On Thu, 1 Feb 2001, Cejka Rudolf wrote:
> Sheldon Hearn wrote (2001/02/01):
> > What I remember of the discussions that surrounded this one, your
> > summary is correct. The only thing is that nice isn't so much _broken_
> > as it just isn't doing what you'd expect it to. :-)
>
> Ok, scheduler in -current is not broken. But I'm afraid that in -stable
Nah, it is broken.
> it is - can (niced) process cause a lock of machine?. Currently, we
> have dual processor box with 4.2-STABLE and it silently locks too often.
> With current scheduler in mind, it is hard to say if I should search in
> HW or SW for a potential fix...
I think only processes with niceness less than -5 can cause lockups.

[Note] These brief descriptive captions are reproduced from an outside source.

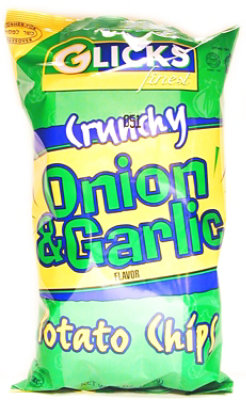 Glicks Onion Garlic Potato Chips - 6 Oz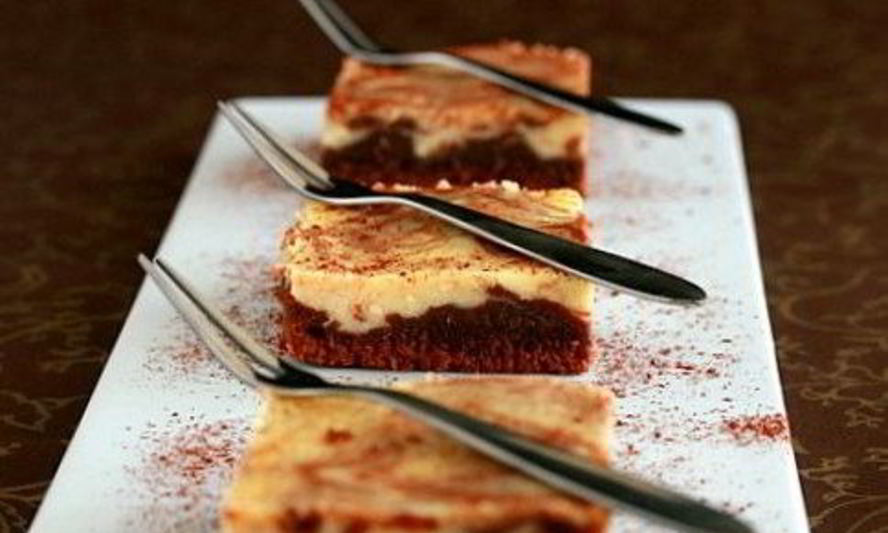 Рецепт чизкейка брауни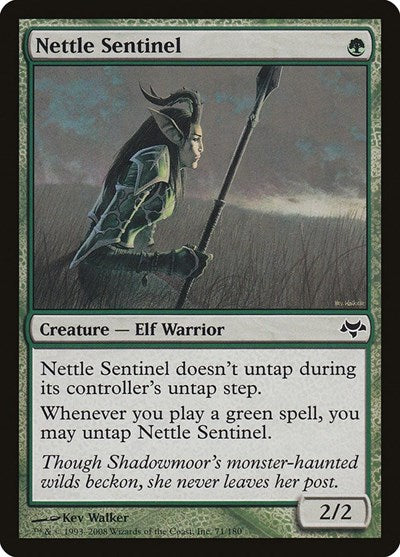 Nettle Sentinel (EVE) #71 Common (Lightly Played) Eventide Magic: 2008
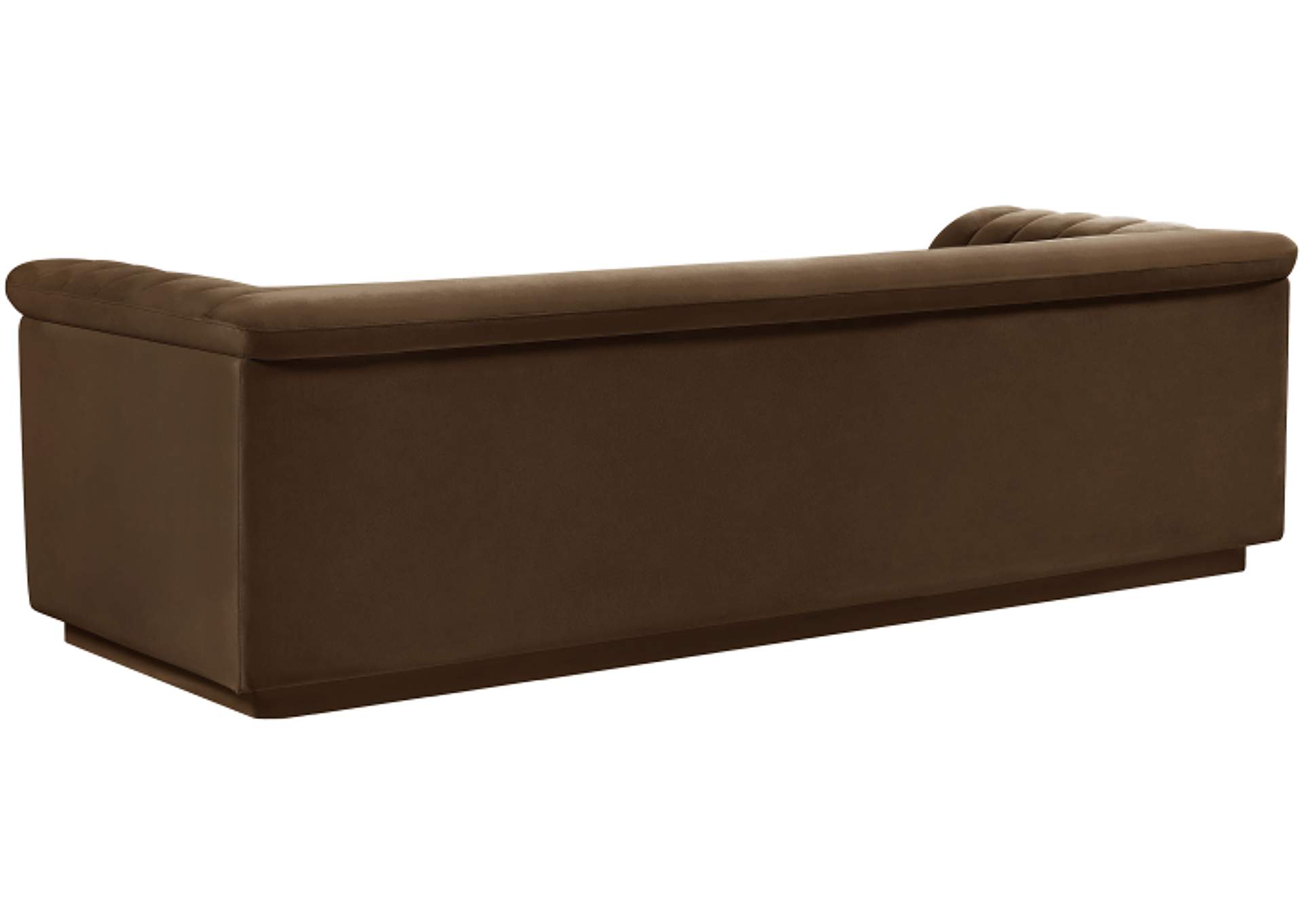 Cascade Brown Velvet Fabric Sofa,Meridian Furniture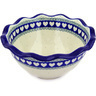 Polish Pottery Bowl 9&quot; Light Hearted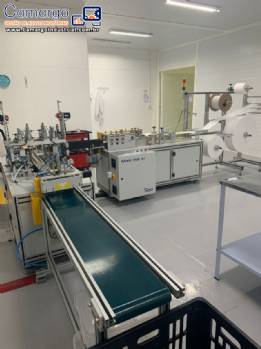 M�quina para produzir m�scaras cir�rgica Automatisa 60 m�scaras / minuto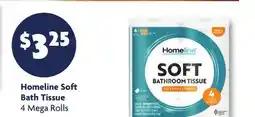 Family Dollar Homeline Soft Bath Tissue offer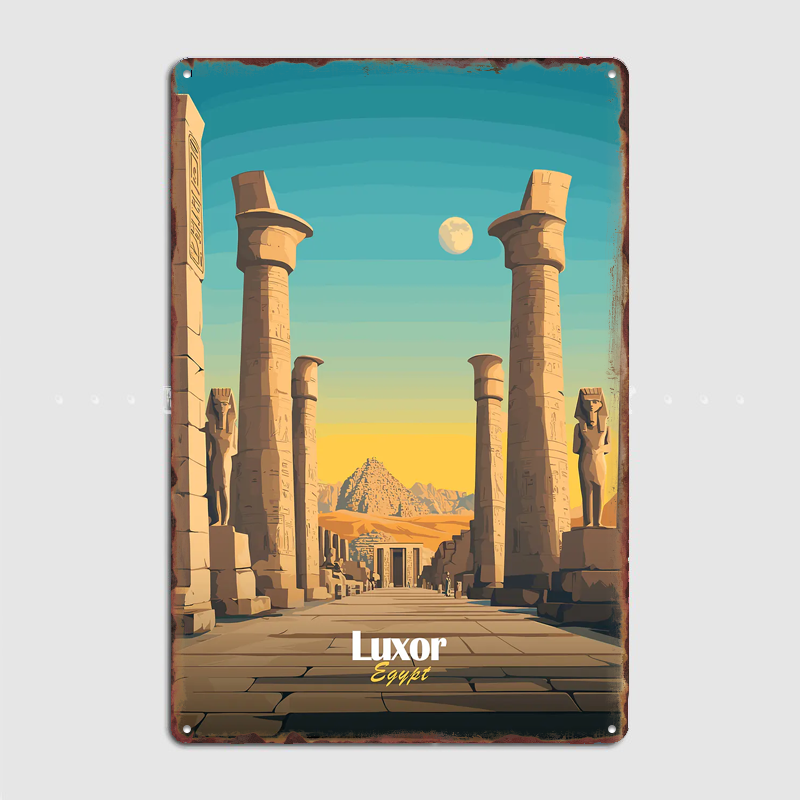 Home Decor Egypt - Luxor Egypt Travel Scenery Posters Retro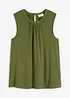 Blouse sans manches en jersey, bonprix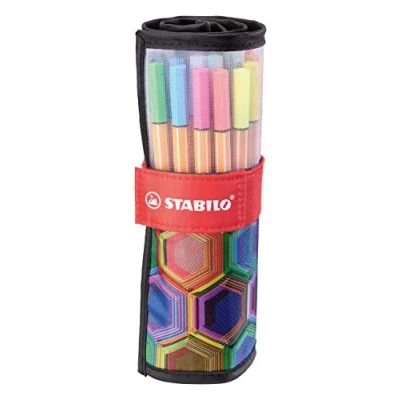 Abbildung von Fineliner STABILO point 88 ARTY 25er Rollerset mit 25 verschiedenen Farben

This is because they get assigned priorities below some kernel priorities,
so priority inversion is possible. I think priority inversions between
processes running in user mode are impossible (because low-priority
(higher priority numbered) processes can't block in user mode).
> > I don't think any of the FreeBSD manual pages suggest that nice 20
> > processes aren't supposed to get _any_ CPU time.
>
> Maybe. But there are some conventions and two-process sensitivity
> 2.5:1 is not very big (is low). Solaris and Linux have much bigger
> ratio (sufficient). So why FreeBSD has to be so much different?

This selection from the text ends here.